Across a variety of model specifications, the effect of digital payment adoption on productivity was consistently positive and statistically significant. In the primary models, a 10 percent increase in digital-payment capital per employee was associated with approximately a 0.5 percent increase in output per employee. In other words, if a country (or business) doubles the number of card-payment terminals per worker over time, it could expect about a 5 percent increase in average labor productivity, all else being equal.
Conclusion
This research provides clear empirical evidence that investing in digital payment technology results in higher productivity. For businesses, the message is that facilitating digital transactions can incrementally improve operations. Over a large workforce, it’s plausible that even a half-percent uptick in output per employee can translate into sizeable revenue gains, improved customer throughput, and labor cost savings. Moreover, these improvements help organizations serve customers faster and more securely.
Robert Solow’s renowned work reminds us that productivity growth is the key driver of long-run prosperity and rising living standards. It seems reasonable that even modest productivity improvements from payment digitization can accumulate at the macro level, potentially leading to higher GDP growth over the long run. As such, policymakers should consider different ways in which supporting merchants and consumers with increased digital payment options can yield economy-wide benefits. Additionally, policymakers could also explore how gains from digital payments are potentially amplified by other technological factors (i.e., reliable internet access) and determine how global market access can further drive technological growth.
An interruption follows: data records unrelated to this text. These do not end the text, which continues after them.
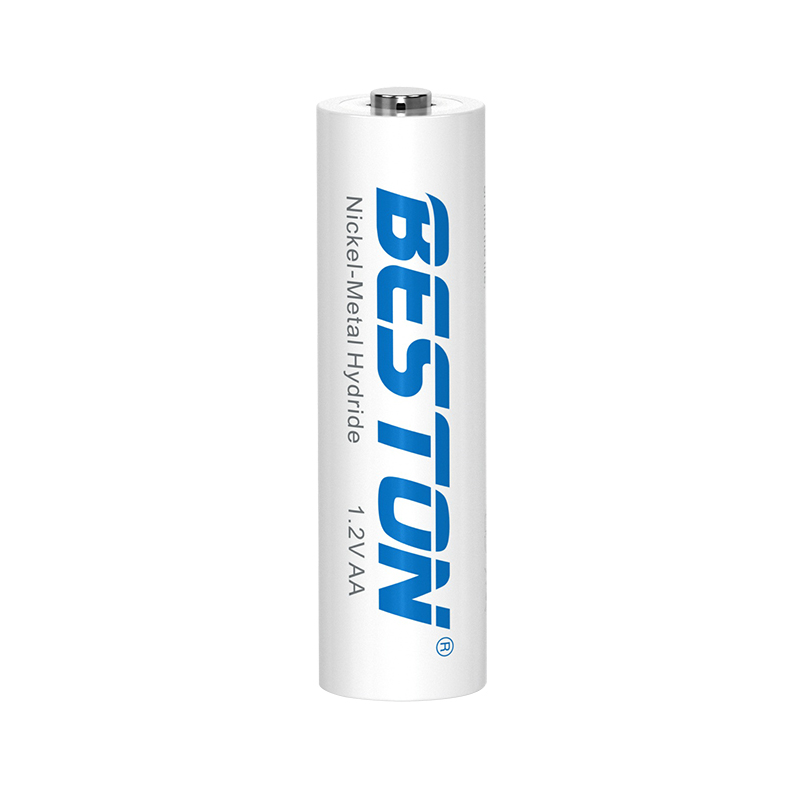 Pin sạc Beston AA 1.2V – 3000mAh. (hộp 4 viên) - Ảnh 4
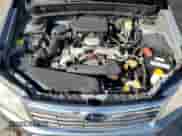 2010 Subaru Forester X Premium с VIN JF2SH6CC6AH781363, выставлен на аукционе Copart как лот 85924715 с пробегом 144 601 миль миль и Чистый • Clean title. История ставок и продаж доступна на DreamBid. Изображение 12.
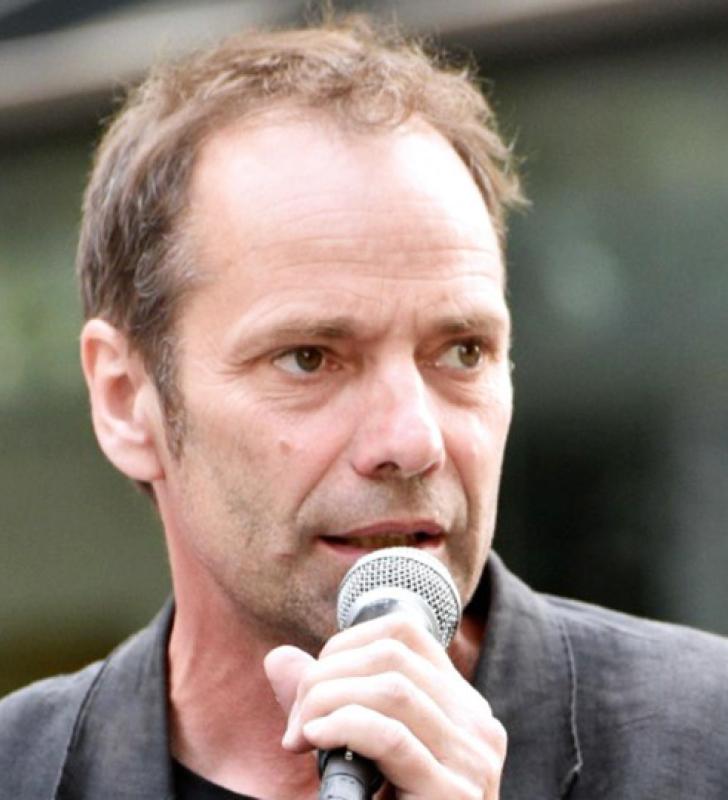 Portrait Karsten  Schölermann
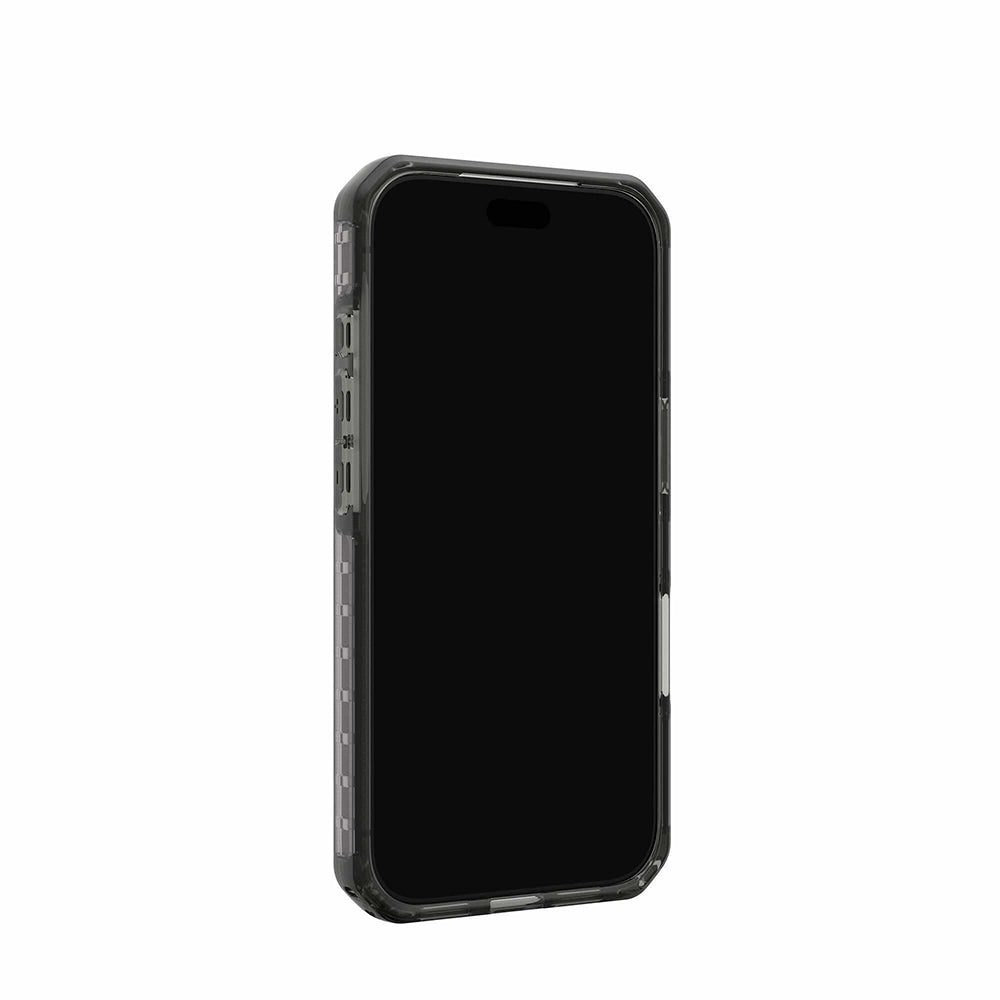 MagSafe-deksel for Apple iPhone 18 Pro / 17 Pro, Urban Armor Gear, Plyo LT, Grå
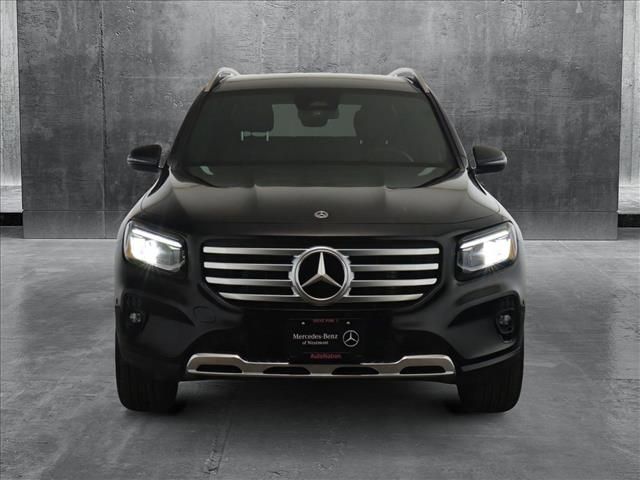 2024 Mercedes-Benz GLB 250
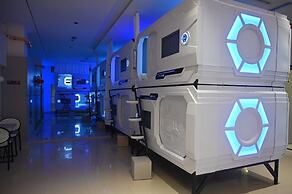 Nano Pod Hotel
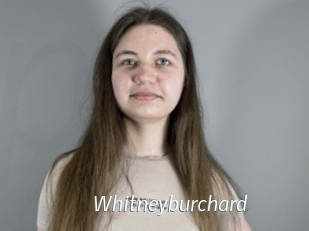Whitneyburchard
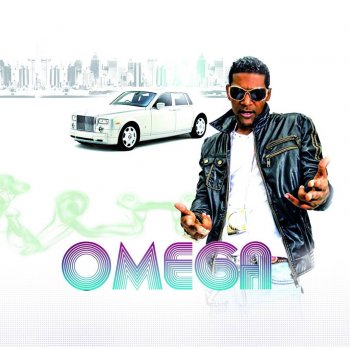 Omega "El Fuerte" Si te vas / Que tengo que hacer (Nocera & Montanari Dub Remix)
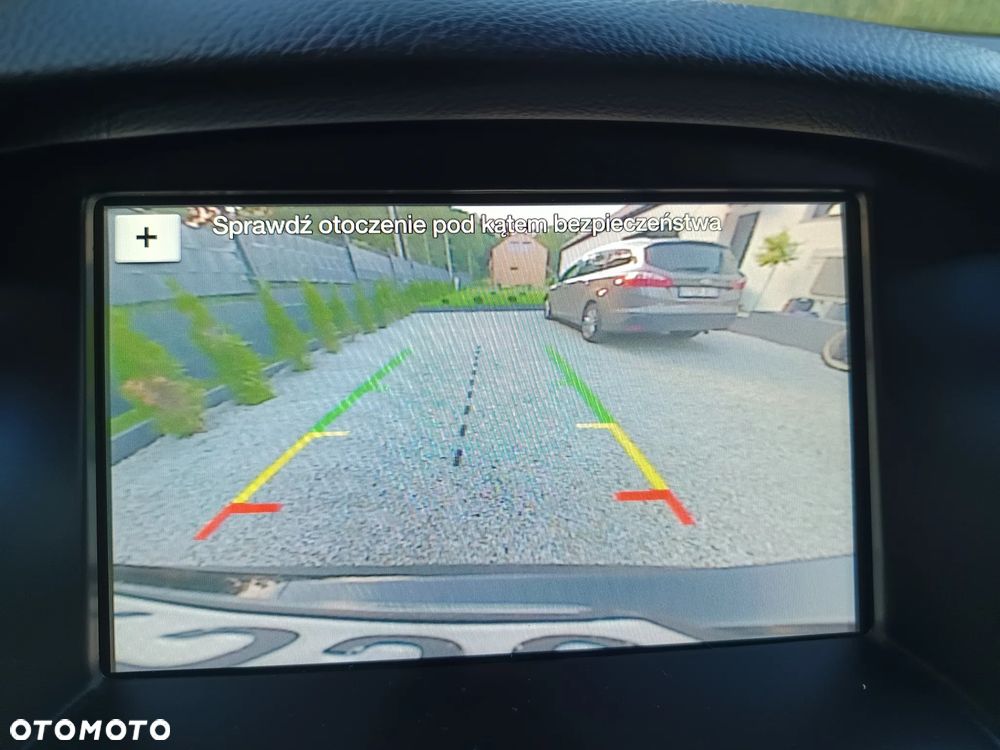 Ford Focus 1.0 EcoBoost STart-Stopp-System TITANIUM - 38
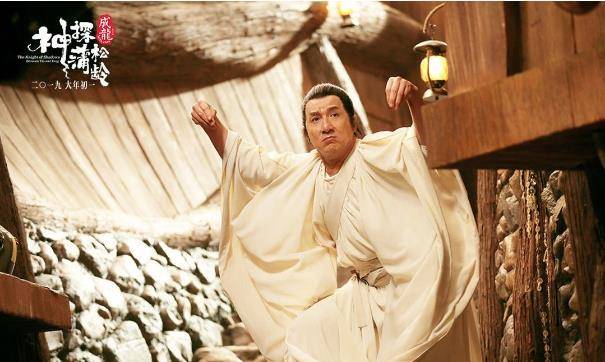 国产|上线首日票房第一，累计播放破千万，这部国产玄幻片为何如此豪横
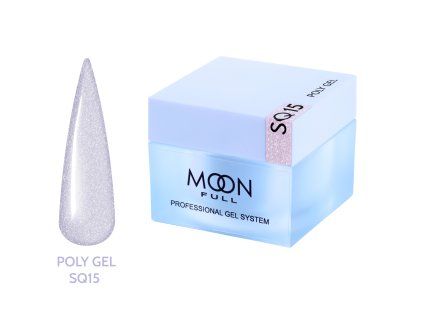 Poly Gel NEW SQ15
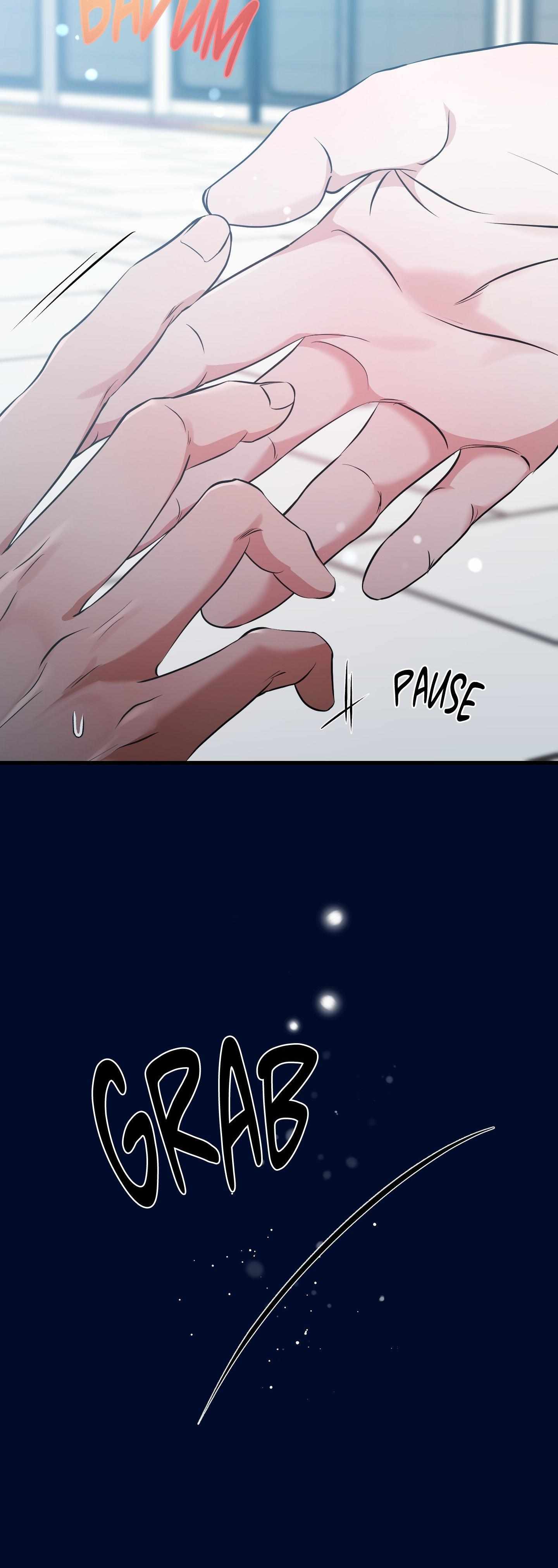 On the Dot Chapter 19 page 30 -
As businesses and policymakers continue to navigate the digital transformation of commerce, this research offers evidence that shifting to digital payments is a sound investment in productivity. The key is to recognize that technological improvements at scale strengthen the foundation for growth. Both businesses and policymakers can draw on these insights to champion initiatives that expand digital payment usage, unlocking incremental gains that bolster prosperity.
Footnotes:
- Solow, R. (1957, December). Technical Change and the Aggregate Production Function. Review of Economics and Statistics 39(8).
- U.S. Bureau of Labor Statistics, “Why is Productivity Important?”
- Krugman, P. (1990). The Age of Diminished Expectations. MIT Press.
- Literature reviews include but are not limited to Kretschmer (2012), Van Ark, O’Mahony, and Timmer (2008), Triplett and Bosworth (2004), Ratchford (2016), Syverson (2011), and Birigozzi, De Silva, and Luitel (2025)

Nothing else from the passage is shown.